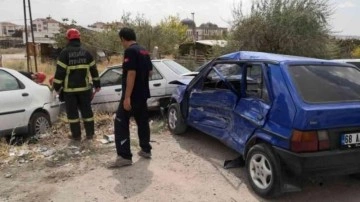 Aday sürücü park halindeki 3 araca çarptı: Hastaneye kaldırıldı!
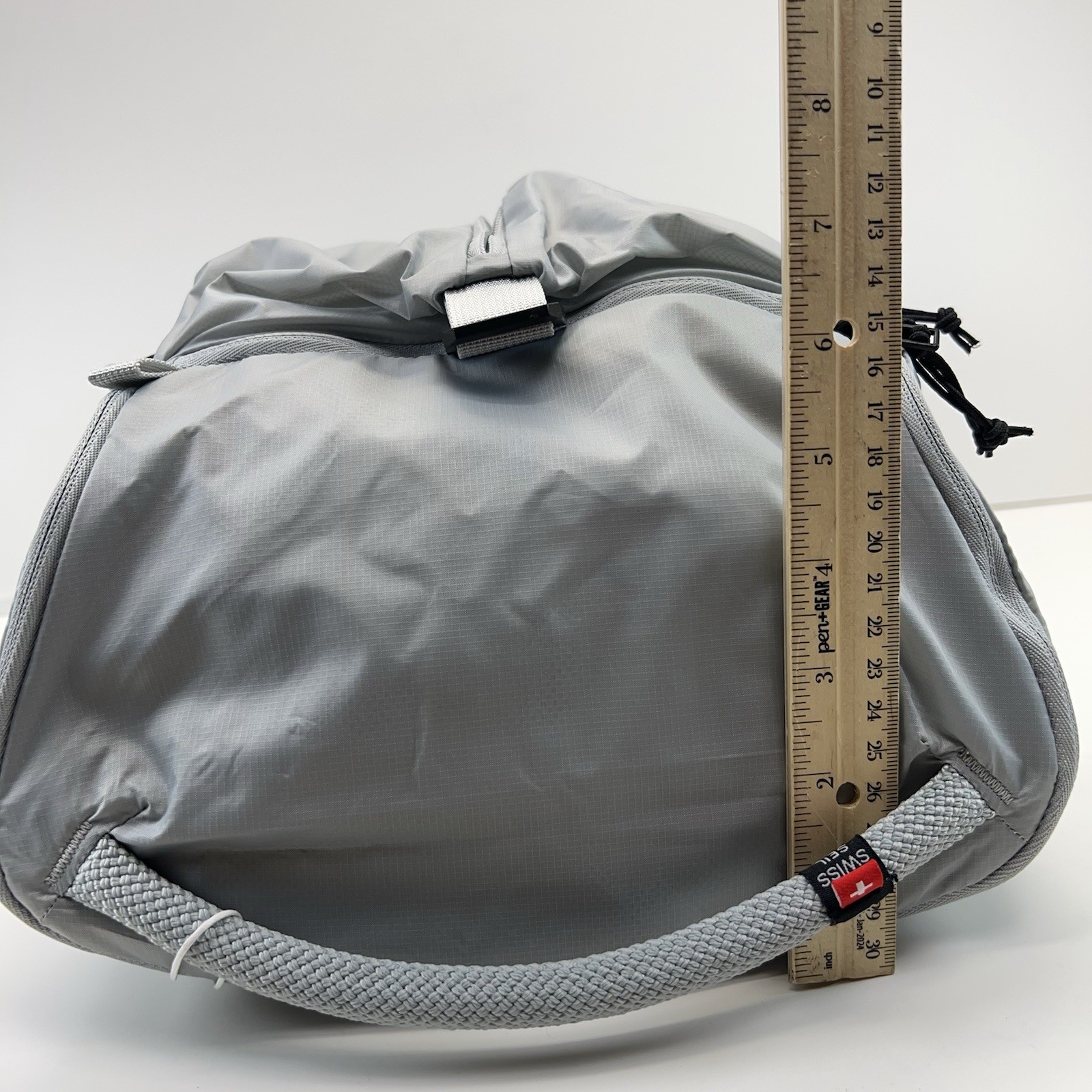 ON Running Speed Pack 18L Lite Backpack Travel Gym Hiking Running Gray NWT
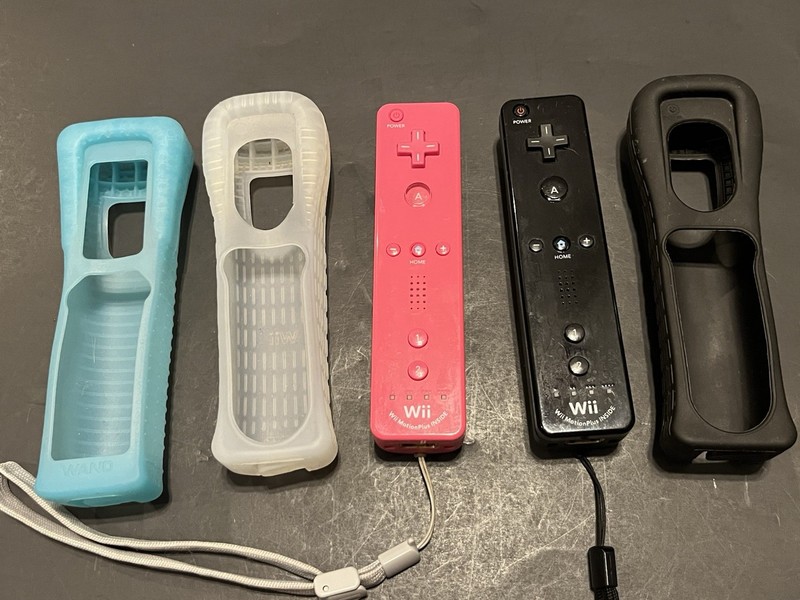 2 Nintendo Wii Remote Controller Remote Motion Plus Inside Black Pink Tested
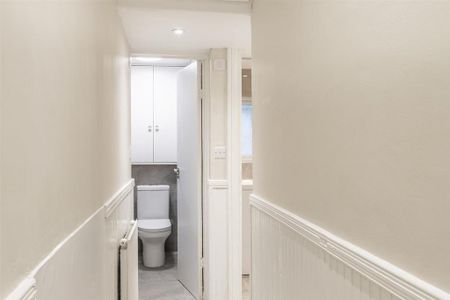 3 bedroom flat to rent - Photo 5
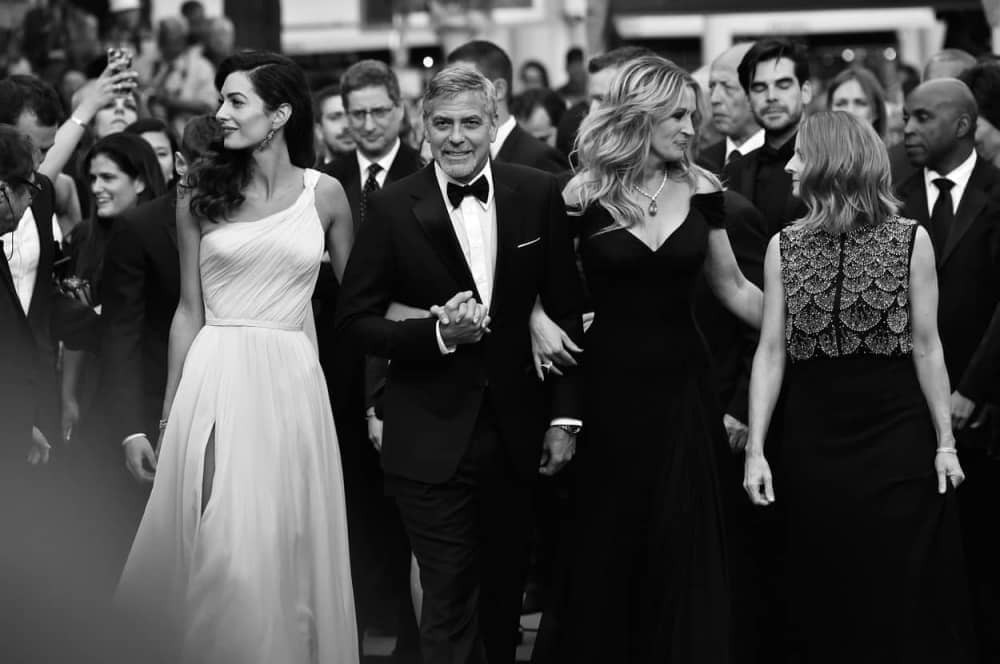 Džulija Roberts bosa na crvenom tepihu (GALERIJA)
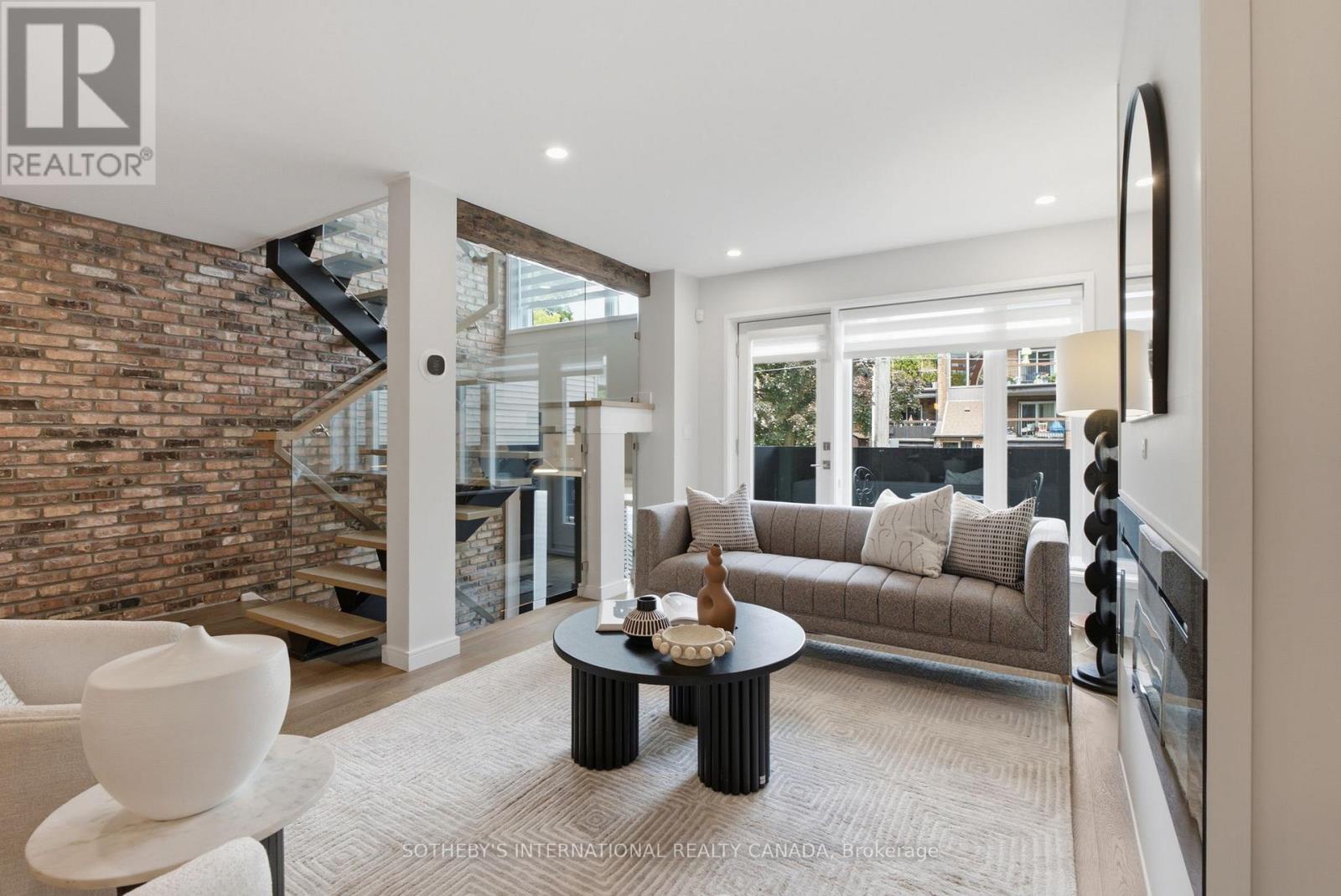 32 Eaton Avenue, Toronto (danforth), Ontario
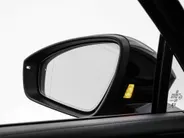 Volkswagen Tiguan 1.5 eHybrid 272pk DSG R-Line Edition · Panoramadak · Inklap. Trekhaak · 360 Camera · Leder Varenna · Matrix LED · Head-Up Display · Harman Kardon Sound · Garantie t/m 16-09-2030 of 100.000km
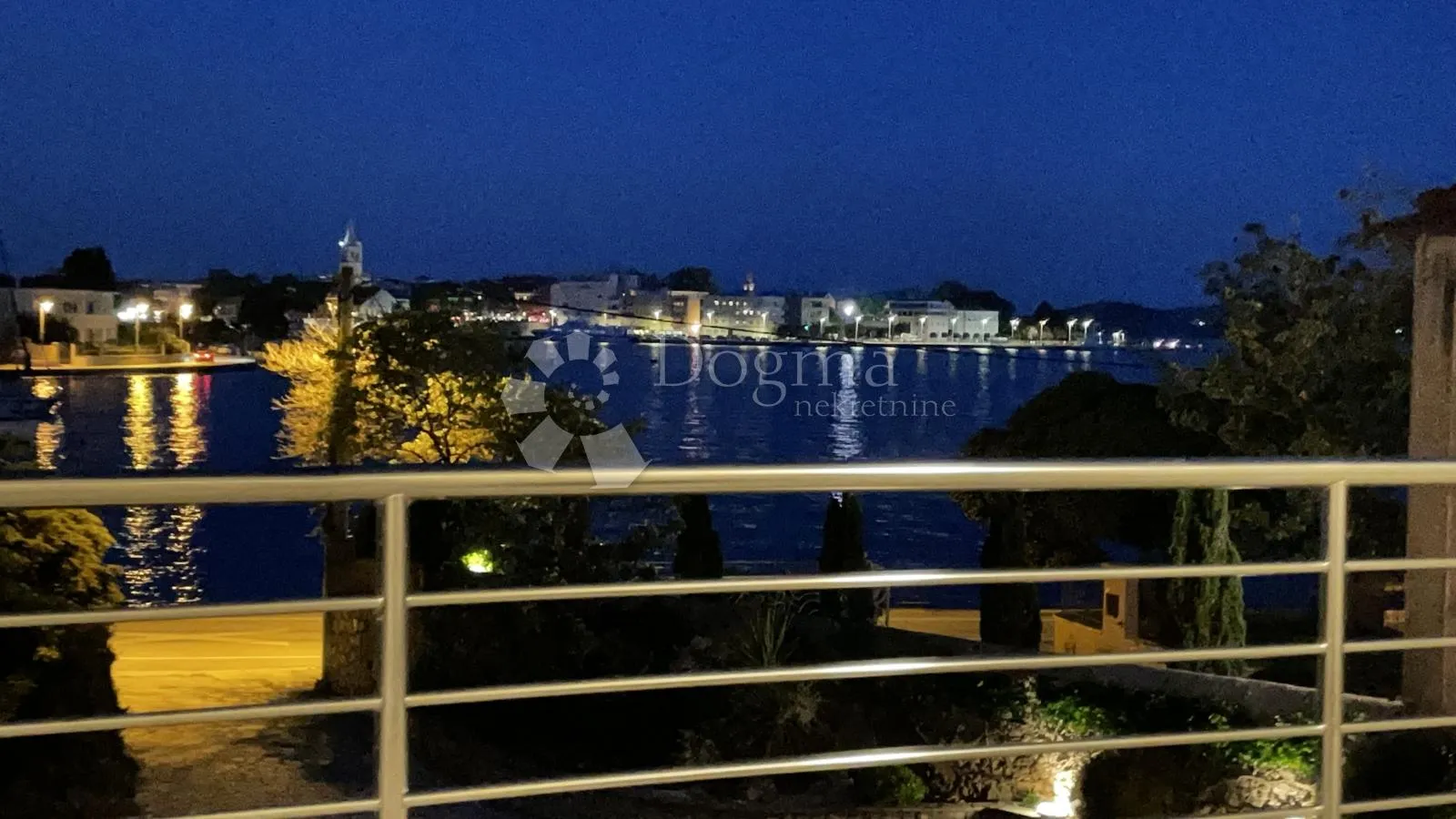 zadar, prodaja elegantne vile 1. red do mora na elitnoj lokaciji - slika 22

-------

**EXERCISE OBJECTIVE**
Where the line containing "Volkswagen Tiguan 1.5" appears in the data above, begin there and output every line through the last, exactly and without pictures.

**OUTPUT FOR THIS TASK**
 Volkswagen Tiguan 1.5 eHybrid 272pk DSG R-Line Edition · Panoramadak · Inklap. Trekhaak · 360 Camera · Leder Varenna · Matrix LED · Head-Up Display · Harman Kardon Sound · Garantie t/m 16-09-2030 of 100.000km
 zadar, prodaja elegantne vile 1. red do mora na elitnoj lokaciji - slika 22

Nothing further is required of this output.